The POS annotation guidelines for the training and testing data for the
parser experiments differ in various details from the guidelines for the
published historical corpora.
"Split" tags of the form ADJ21 ADJ22 have been eliminated.
Compound tags like ADJ+N for gentleman have been largely
eliminated. The compound tags that remain are as follows; if
necessary, they could be replaced as indicated.
Tag
Example (with syntactic projecction)
Possible replacement
N
ADV@P
(PP (ADV@P therein))
(ADVP (ADV therein))
393
P@N
(PP (P@N o'clock))
(PP (P o') (NP (N clock))))
105
P@PRO
(PP (P@PRO for't))
(PP (P for) (NP (PRO 't)))
31
There is a strict division between terminals and non-terminals (for
example, (VBD_RECURSIVE (VBD ...) (CONJ_WORD ...) (VBD ...)).

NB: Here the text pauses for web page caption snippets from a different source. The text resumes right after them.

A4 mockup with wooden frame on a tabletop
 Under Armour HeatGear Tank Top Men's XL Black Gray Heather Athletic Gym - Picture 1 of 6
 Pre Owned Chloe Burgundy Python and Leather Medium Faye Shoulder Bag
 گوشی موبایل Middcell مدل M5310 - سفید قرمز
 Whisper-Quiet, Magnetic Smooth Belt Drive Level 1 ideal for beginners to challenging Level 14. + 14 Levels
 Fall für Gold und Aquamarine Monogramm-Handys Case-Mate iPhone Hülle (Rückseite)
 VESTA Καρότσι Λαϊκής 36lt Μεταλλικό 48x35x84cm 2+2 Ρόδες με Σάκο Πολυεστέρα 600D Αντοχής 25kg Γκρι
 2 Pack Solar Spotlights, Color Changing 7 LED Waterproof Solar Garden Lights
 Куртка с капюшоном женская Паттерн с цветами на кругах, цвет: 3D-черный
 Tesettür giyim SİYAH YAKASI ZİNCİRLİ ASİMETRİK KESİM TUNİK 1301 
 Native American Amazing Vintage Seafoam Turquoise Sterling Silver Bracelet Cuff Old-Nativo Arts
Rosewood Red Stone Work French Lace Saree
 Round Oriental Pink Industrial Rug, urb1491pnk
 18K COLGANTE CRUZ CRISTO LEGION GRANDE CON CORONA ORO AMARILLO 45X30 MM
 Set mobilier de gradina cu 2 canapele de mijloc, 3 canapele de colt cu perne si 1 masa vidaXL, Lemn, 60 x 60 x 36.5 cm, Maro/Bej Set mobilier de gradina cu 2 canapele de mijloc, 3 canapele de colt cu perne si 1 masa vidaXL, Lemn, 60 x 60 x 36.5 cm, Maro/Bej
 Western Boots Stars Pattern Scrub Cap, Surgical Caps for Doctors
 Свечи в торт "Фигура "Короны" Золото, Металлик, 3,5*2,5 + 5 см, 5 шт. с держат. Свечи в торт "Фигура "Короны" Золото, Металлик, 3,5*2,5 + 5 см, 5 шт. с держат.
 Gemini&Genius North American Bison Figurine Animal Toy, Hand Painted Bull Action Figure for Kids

In general, POS tags don't contain a hyphen. Any remaining hyphens
can be deleted by the parser, as they correspond to the hyphens on
nonterminals, representing information at the level of phrase structure
(movement, resumptive possessive pronouns, and the like).
Punctuation is tagged according to function and syntactic context.
For example, a comma might be tagged as CONJ_WORD, CONJ_NX, CONJ_NP, etc.
Open parens and brackets are tagged as OPEN_PAREN, and their closing
counterparts as CLOSE_PAREN.
NUM has been split according to syntactic context:
ADJ_NUM (nominal modifier)
NUM (elsewhere = head of NP)
Q has been split according to syntatic context:
PDT (predeterminer)
ADJ_Q (nominal modifier)
Q (elsewhere = head of NP or QP)
In wh- constructions (relative clauses and related
constructions) that is tagged as C_WH rather than as C.
Subordinating conjunctions are tagged as CONJS rather than P.